Viewpoint: Daines’ silence was louder than Carl’s hate

Viewpoint: Daines’ silence was louder than Carl’s hate

Doug James

Let’s stop pretending this was normal.

Steve Daines walked into a U.S. Senate hearing and introduced a man from his own hometown. A man blistered, on national television, for antisemitic rhetoric, for parroting “replacement theory,” for claiming January 6 rioters were treated worse than Black Americans under Jim Crow.

That man is Jeremy Carl.

Daines’ contribution?

They’re both from Bozeman.

They both admire Ronald Reagan.

That’s it.

No outrage. No correction. No “this is unacceptable.” No “Montana does not stand for this.” Nothing.

Silence.

Carl, President Donald Trump’s nominee for Assistant Secretary of State for the United Nations and International Organizations, used his hearing before the United States Senate Foreign Relations Committee to defend rhetoric that would make decent people recoil.
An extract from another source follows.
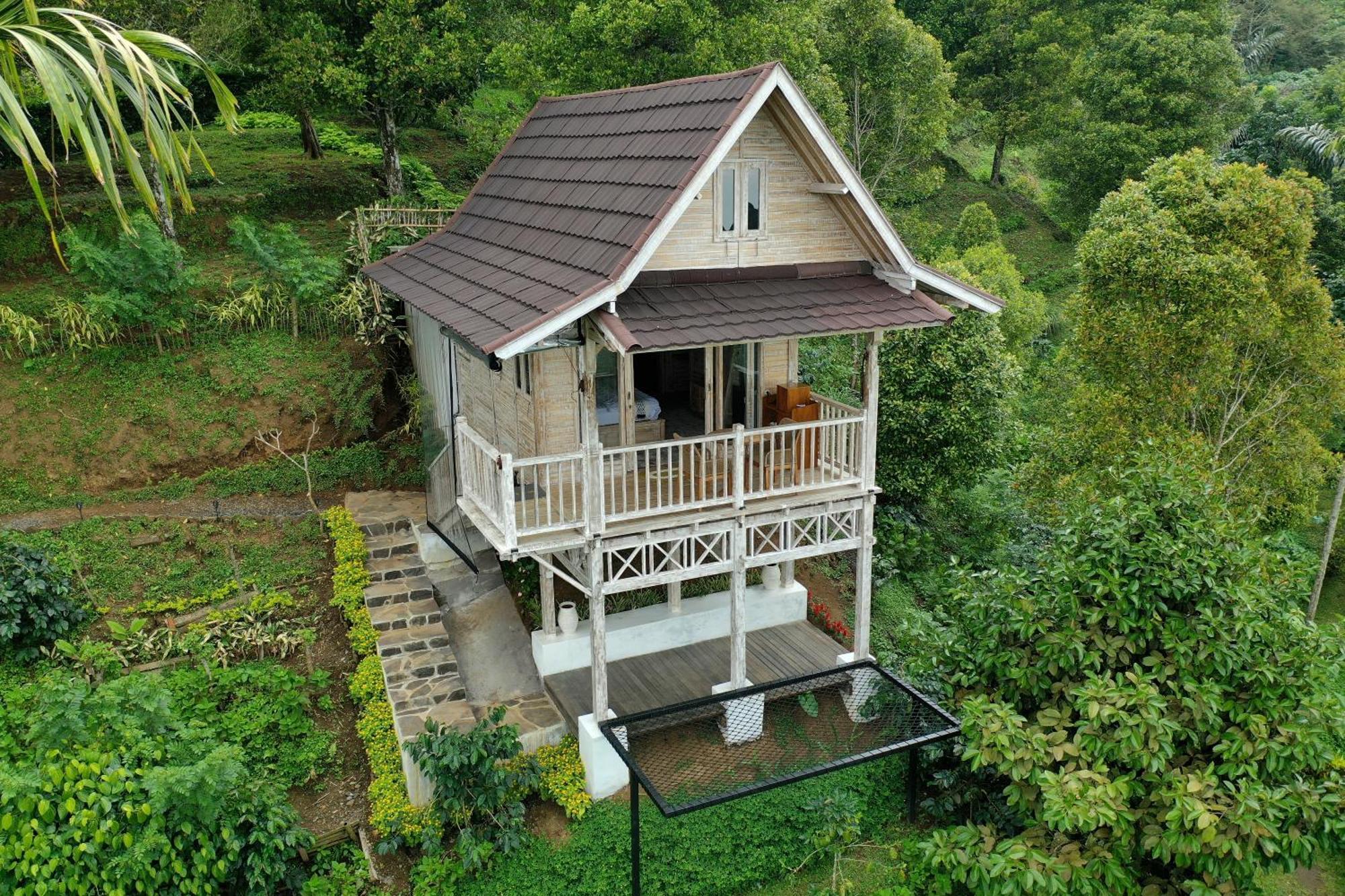 Bed and Breakfast Garden Terrace Bali Gobleg  Esterno foto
He said January 6 rioters were treated worse than Black Americans during Jim Crow.

Let that sit.

During Jim Crow, at least 4,467 human beings were lynched. 3,265 of them African American. Lynched. No trial. No due process. Tortured. Murdered. Bodies burned. Families terrorized.

And Carl compared the prosecution of rioters who stormed the U.S. Capitol to that.

That isn’t edgy. It isn’t provocative. It’s grotesque.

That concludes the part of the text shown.